The issue: Liquor limits
We say: Politics at best

Crime is nothing to make light of, but it was difficult to view the smash and grab at the downtown Yellowknife liquor store over the weekend as anything but a punchline to the joke that was the daily limit on liquor purchasing imposed less than 48 hours earlier.

As longtime Yellowknifer Lydia Bardak wrote in a letter to MLAs (and posted on social media), it's difficult to imagine a $200 per day per customer limit on booze buying having any effect on the well-established and time-weathered bootlegging network in the NWT, much of which spindles out from the capital into other small communities.Editorial

She also pointed out that in Yellowknife, the limit is effectively doubled because one person could easily pay a visit to both stores. So, since the curtailment was announced last Thursday, any individual with enough cash on hand could legitimately be sitting on $2,800 worth of alcohol as of this morning (Wednesday, our print day). If they have a partner, that's $5,600.

Factor in the 50 to 100 per cent or more in markup a bottle sees before it's sold on the black market, and that's not a bad week's work.

Bardak, a former city councillor and executive director of the John Howard Society for the NWT, is an advocate for Yellowknifers experiencing homelessness. She pointed out the century of experience Canada has with the folly of prohibition.

She also noted that severely addicted alcoholics will turn to over-the-counter products like cough syrup and wonders rhetorically whether there are any plans to regulate such products.

She also quite correctly ends with a call to our leaders to focus on the root causes of addiction.

The call to limit liquor by the Dene Nation stems from the very real frustration communities are feeling when it comes to excessive drinking and all the associated social ills that brings, including domestic violence and family neglect.  

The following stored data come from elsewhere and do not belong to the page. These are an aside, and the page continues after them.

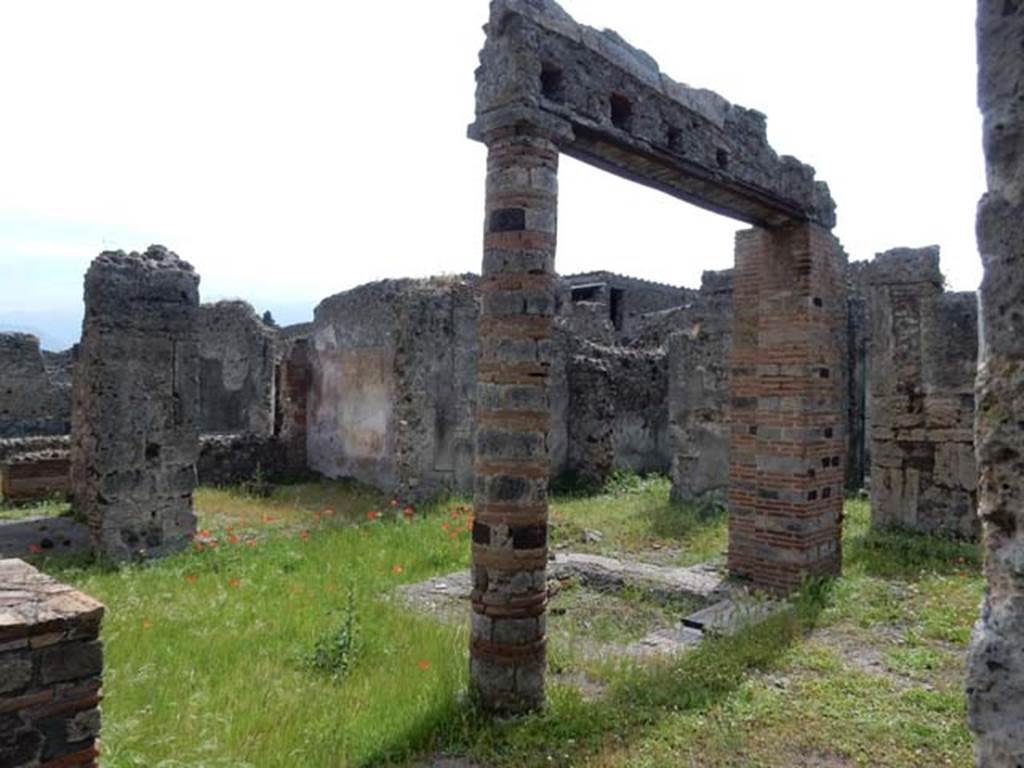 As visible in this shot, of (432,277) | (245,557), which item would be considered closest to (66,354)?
(432,277)

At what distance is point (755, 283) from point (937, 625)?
3.56m

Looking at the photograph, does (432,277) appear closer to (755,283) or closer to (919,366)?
(755,283)

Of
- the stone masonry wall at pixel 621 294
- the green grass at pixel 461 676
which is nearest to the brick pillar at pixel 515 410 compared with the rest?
the green grass at pixel 461 676

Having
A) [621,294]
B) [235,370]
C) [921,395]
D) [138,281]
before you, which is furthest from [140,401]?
[621,294]

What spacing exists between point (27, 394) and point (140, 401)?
12.7 m

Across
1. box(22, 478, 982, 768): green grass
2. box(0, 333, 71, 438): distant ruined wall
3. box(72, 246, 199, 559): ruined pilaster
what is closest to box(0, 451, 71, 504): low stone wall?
box(72, 246, 199, 559): ruined pilaster

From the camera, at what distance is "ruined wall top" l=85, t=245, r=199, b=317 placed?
26.3ft

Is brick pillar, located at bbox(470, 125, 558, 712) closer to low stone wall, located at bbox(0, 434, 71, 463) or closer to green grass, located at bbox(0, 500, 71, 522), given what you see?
green grass, located at bbox(0, 500, 71, 522)

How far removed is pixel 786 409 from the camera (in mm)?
7445

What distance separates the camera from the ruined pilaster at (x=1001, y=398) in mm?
1155

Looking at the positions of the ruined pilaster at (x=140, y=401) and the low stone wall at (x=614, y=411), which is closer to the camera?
the ruined pilaster at (x=140, y=401)

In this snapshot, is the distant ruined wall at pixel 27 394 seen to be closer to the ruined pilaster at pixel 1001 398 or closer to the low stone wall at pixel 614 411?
the low stone wall at pixel 614 411

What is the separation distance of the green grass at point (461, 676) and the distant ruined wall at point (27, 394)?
491 inches

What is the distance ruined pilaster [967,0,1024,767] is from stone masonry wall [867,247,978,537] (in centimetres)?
953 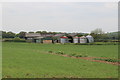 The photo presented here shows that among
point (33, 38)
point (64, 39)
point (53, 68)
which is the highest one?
point (33, 38)

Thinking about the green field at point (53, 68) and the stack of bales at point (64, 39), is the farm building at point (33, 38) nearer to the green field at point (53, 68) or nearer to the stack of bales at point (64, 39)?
the stack of bales at point (64, 39)

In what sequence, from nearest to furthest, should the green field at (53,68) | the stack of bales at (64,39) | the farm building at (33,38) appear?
the green field at (53,68) < the stack of bales at (64,39) < the farm building at (33,38)

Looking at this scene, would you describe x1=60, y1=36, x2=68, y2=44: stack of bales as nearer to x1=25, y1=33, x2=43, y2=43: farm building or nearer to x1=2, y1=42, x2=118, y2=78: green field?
x1=25, y1=33, x2=43, y2=43: farm building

National Dene Chief Norman Yakeleya sought action from the territorial government and after initially being rebuffed, doubled down and persisted. He was under considerable pressure as most Indigenous leaders in the territory were also calling for restrictions. 

Justice Minister Caroline Wawzonek was likewise feeling the heat. So it was no surprise she would reach for a compromise with the $200 a day limit, which allowed Yakeleya to claim victory while also taking the pressure off the justice minister who controls the liquor board. 

The only problem with the liquor limits, as noted earlier, is that their effectiveness as a social remedy – pandemic or no pandemic -- are bound to be marginal and really were only effective at turning down the political temperature. 

What the territory needs most of all is a long-term solution that addresses the root causes of alcoholism, as Bardak suggests, and focus on community wellness – education, jobs and opportunity – so that people don't fall into the trap of dysfunctional boozing.